And then I wrote...

by Dick Schiling, "Editor Emeritus"

... that there is an old country song that starts out “we live in two different worlds.”

That’s the way I felt early last week when events unfolded in Missouri as the decision by the grand jury in the shooting death of Michael Brown approached, and then was announced Monday night.

Was there any doubt in anyone’s mind that rioting would follow if the grand jury failed to return a true bill against the police officer who did the shooting? Or maybe even if they did.

Because we were told for weeks that outside agitators were gathering in the Ferguson/Clayton area.

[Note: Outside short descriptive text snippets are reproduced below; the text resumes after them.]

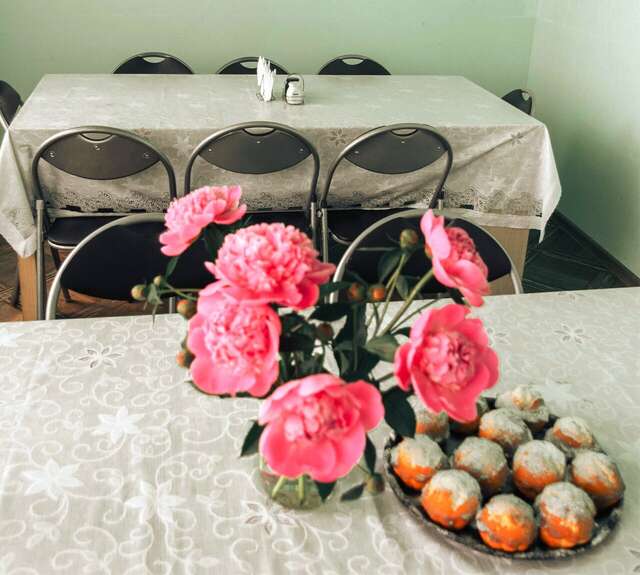 Гостиница Советская Коломна-5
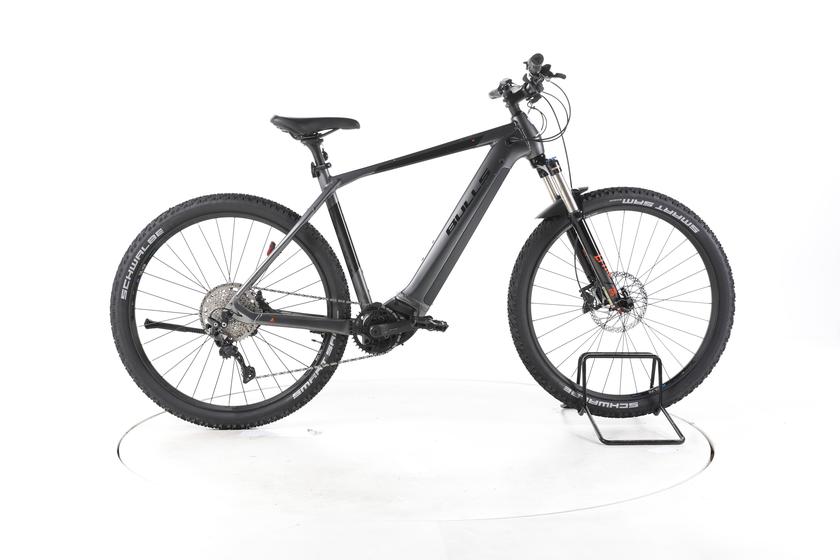 Bulls Copperhead Evo 2 XXL E-Bike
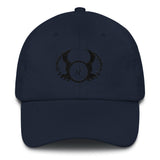 "Time Flys" Hat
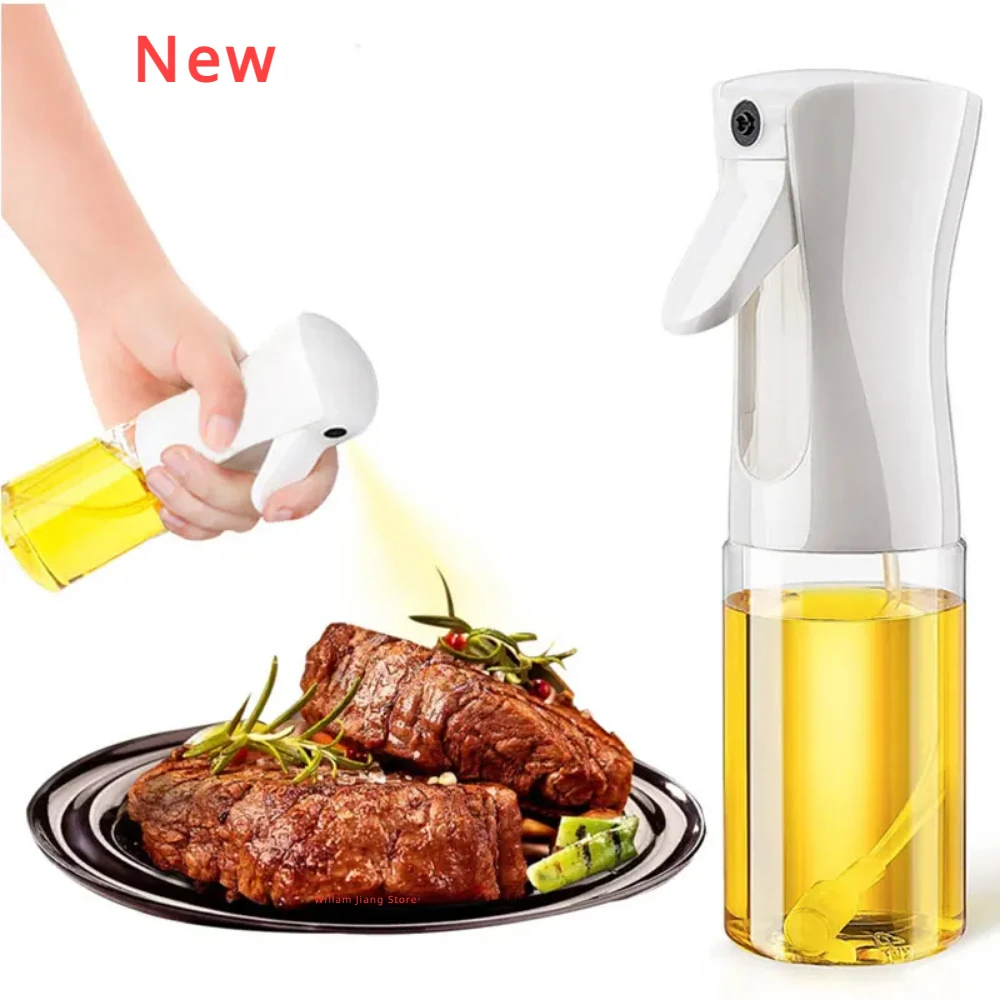 Alat pengocok garam semprotan  - Camping Cooking Oil Bottle ulasan dan harga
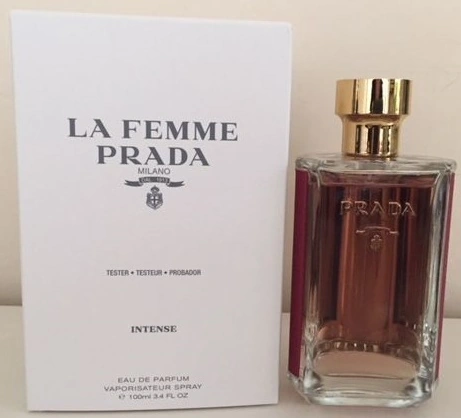 Prada Prada La Femme Intense Parfimirana voda - Tester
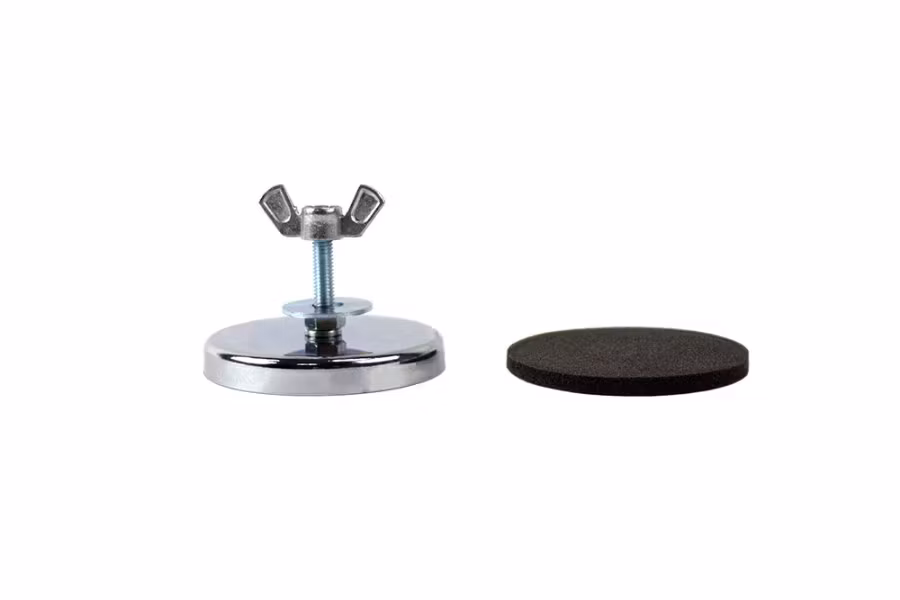 Ancra Magnetic Flag Holder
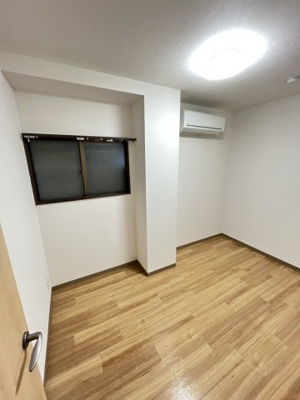 【寝室】 | ジオナ柴島Ⅲ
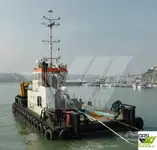 General Cargo/Multi-purpose kanggo didol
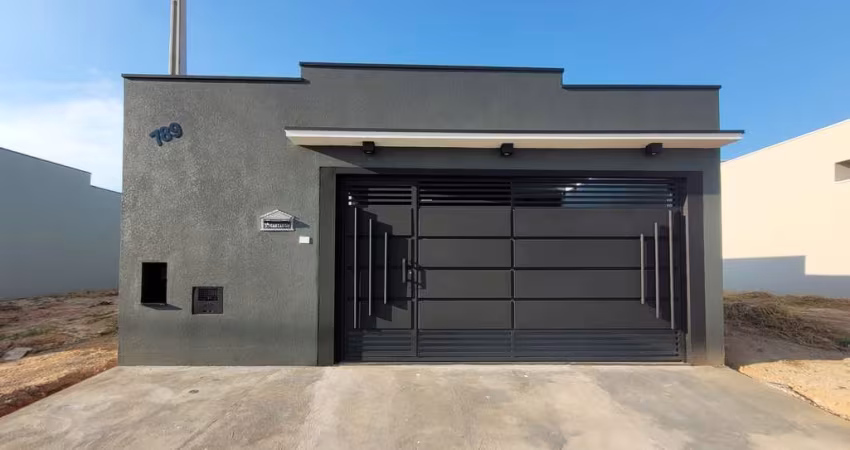 CASA A VENDA NO JARDIM BOM SUCESSO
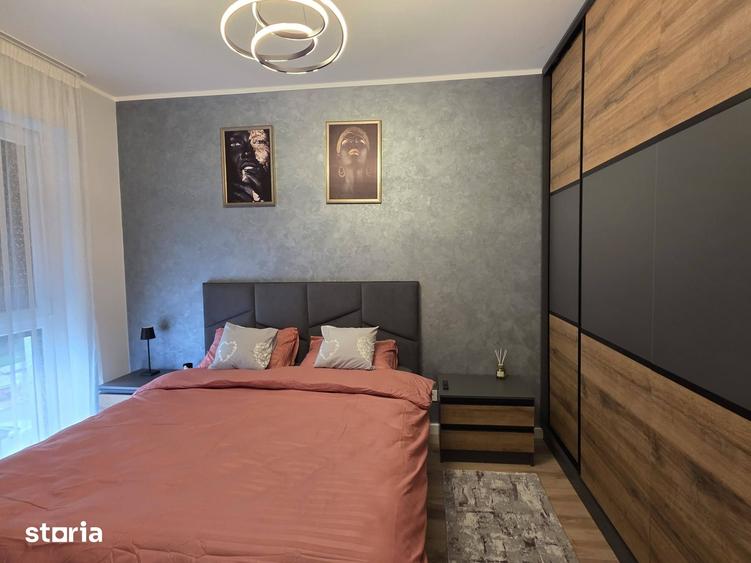 Apartament cu 2 camere în Calea Aradului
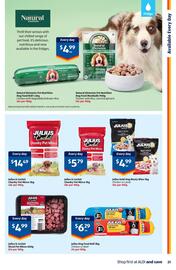 ALDI catalogue week 30 Page 21
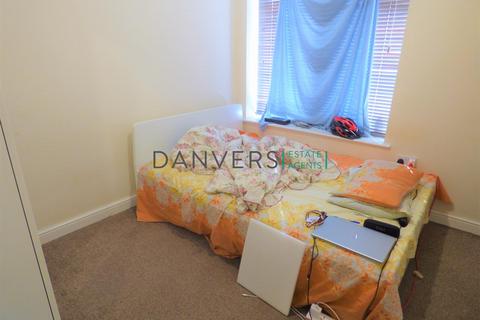 4 bedroom apartment to rent, Noel Street, Leicester LE3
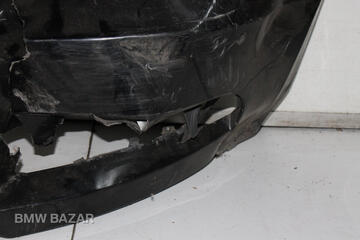 Бампер передний BMW 1 E81/E87 рест. 2008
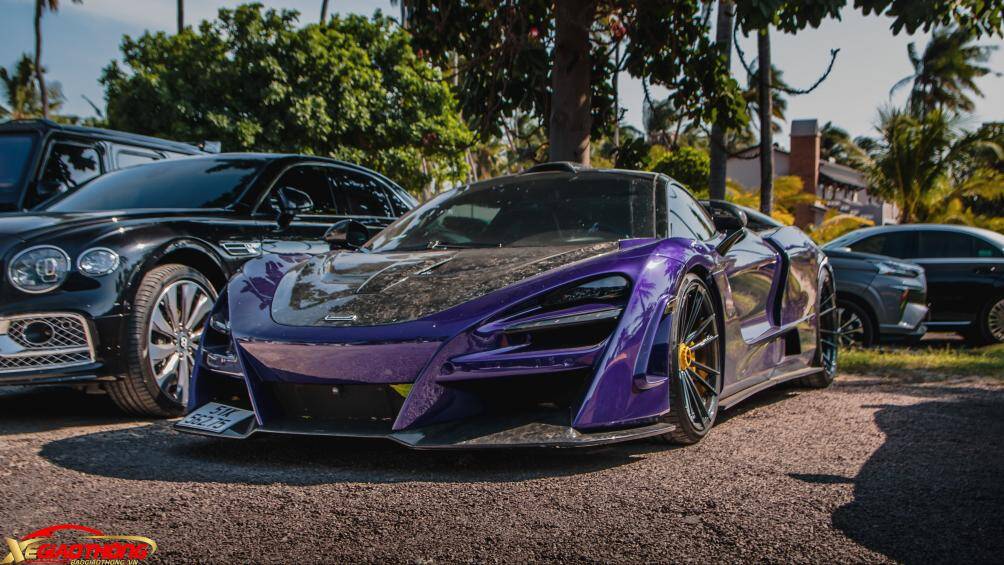 Theo công bố của Novitec, chỉ có 15 bộ body kit thân rộng N Largo được sản xuất dành cho McLaren 720S với giá bán không được tiết lộ. Tuy nhiên, theo giới chơi xe nhận định, gói độ này giá không dưới tiền tỷ. Tại thị trường nước ngoài, McLaren 720S có giá bán khởi điểm từ 299.000 USD và 311.100 USD cho hai cấu hình Luxury và Performance, giá bán của xe tại Việt Nam ở mức trên 20 tỷ đồng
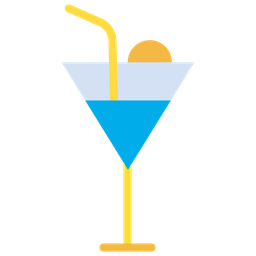 Cocktail  Icon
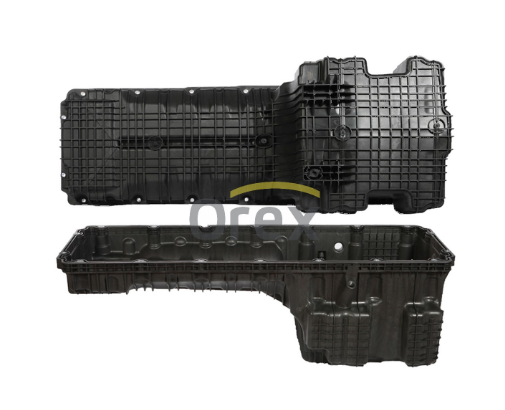 Karter  – Mercedes 471 | Oem: A4710109113 | Orex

They were attracted by the nation-wide attention focused on the August shooting incident. Professional blacks such as Sharpton and race-baiting Attorney General Holder made sure the lens of the nation was focused on that area. As a youngster, we were taught what the focus of a magnifying lens can do. I think I burned my initials on every baseball bat I liked, my fielder’s glove and favorite slingshot. It wasn’t necessary to rub two Boy Scouts together to start a fire. A magnifying lens did it better.

After a night of rioting, the early morning light next day revealed a large section of Ferguson’s business district had burned down.

That’s why I doubt if it was the citizens of that area who lit the fires, but rather professional protesters. Area residents are victims. There is an old Spanish adage that was meant to discourage vicious gossip, which also applies here: “Do not muddy the waters around us. You may have to drink it some day.” Now, the citizens of that area see their community in ruins.

As I skipped through various talk shows the weekend before the decision, I arrived at one in time to hear a black guest (he may have been a minister, not sure) who convinced me he and I did not live in the same world. He said there had to be revenge for “that poor little black boy who was left dead on the street.”

Those who live in my world were informed that the shooting victim was anything but little, and in fact was described as a “gentle giant” by friends and family. He was 18, hardly a boy anymore, and had just roughed up a store clerk while stealing something from the store. The two views do not equate.

Now, is there any doubt but what Holder and his justice department will find some way to charge somebody with something, so as to justify his early interference in the police investigation?

And is there any doubt there will be protests in large cities and university communities in the days which follow?

That’s their world, and they are welcome to it!